Stuart Meyer, former chief at the National Barbeque and Grilling Association, made the bold move of taking his entire organization virtual. Meyer, who is an enthusiastic proponent of innovation in the workplace describes his reasoning like this, “Sacred cows are the greatest threat to how we run associations. How we define our management and operations practice, and how we work must evolve rapidly if our organizations are going to continue to be relevant. We must stop the punch-clock mentality and the belief that if we let staff out of our sight, they’re going to be doing anything other than working. As we move toward the future, I believe we’ll see a continued rise of independent ‘fractional’ freelance association professionals splitting their time across multiple organizations working on very focused and defined activities and objectives.”

A more skill-based style of project management is fundamental to the freelance culture and can be an asset to both organizations and employees. When resources are allocated according to ability and interest everyone comes out a winner. Peggy Winton, President and CEO at the Association for Intelligent Information Management says, “My personal goal is to make opportunities for the future leaders at AIIM. Our organization had been pretty tall and top-heavy. To change that, we came up with a structure that allows for on-demand project work in blended, cross-functional teams. It’s a way to use people’s best talents regardless of their department or responsibility.”

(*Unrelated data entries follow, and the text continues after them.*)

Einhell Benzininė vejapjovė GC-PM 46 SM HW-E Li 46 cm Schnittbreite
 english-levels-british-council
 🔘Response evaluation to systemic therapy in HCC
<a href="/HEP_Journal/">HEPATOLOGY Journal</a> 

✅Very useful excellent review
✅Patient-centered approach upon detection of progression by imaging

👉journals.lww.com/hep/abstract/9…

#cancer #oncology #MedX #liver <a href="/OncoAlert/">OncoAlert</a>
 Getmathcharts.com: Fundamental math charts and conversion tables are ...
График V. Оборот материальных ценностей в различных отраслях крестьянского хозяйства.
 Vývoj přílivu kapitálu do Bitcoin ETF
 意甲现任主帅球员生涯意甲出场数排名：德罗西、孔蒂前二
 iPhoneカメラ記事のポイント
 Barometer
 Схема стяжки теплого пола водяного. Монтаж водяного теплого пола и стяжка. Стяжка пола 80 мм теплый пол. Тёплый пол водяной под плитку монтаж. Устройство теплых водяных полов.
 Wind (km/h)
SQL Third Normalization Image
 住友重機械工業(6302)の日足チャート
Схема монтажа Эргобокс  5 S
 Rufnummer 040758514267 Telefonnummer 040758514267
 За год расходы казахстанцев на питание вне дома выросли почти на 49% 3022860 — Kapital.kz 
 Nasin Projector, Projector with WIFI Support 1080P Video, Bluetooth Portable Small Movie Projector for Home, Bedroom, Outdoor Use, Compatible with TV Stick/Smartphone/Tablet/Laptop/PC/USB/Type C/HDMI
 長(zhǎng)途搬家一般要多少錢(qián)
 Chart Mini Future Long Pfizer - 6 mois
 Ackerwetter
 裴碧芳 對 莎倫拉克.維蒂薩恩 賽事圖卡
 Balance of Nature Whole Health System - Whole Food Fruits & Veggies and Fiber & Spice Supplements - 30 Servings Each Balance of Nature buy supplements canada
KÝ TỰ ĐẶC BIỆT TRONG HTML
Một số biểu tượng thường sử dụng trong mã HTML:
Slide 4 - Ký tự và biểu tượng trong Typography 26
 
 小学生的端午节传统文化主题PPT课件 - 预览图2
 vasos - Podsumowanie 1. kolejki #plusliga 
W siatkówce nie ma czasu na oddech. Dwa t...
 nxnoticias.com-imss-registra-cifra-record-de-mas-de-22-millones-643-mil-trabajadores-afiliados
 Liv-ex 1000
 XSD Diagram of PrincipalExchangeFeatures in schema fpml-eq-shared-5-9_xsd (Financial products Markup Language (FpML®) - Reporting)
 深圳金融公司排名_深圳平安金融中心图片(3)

Winton also notes that this skill-based, collaborative model is the way millennials prefer to work. “The success is shared. Nobody feels like they have the entire profit and loss resting solely on their shoulders.” Although Winton’s example applies to full time employees, it illustrates the type of cultural shifts that are needed to integrate freelancers into an organization.

Successful Adaptation

An important lesson we learned in conducting the interviews for our book is that organizations weather change successfully when they are willing and eager to adapt. A virtual office may not be in your future. But the fluidity and focus that this new workforce represents should influence how you utilize current staff. The freelance revolution is well underway. It’s past time to get on board with the benefits of this new resource.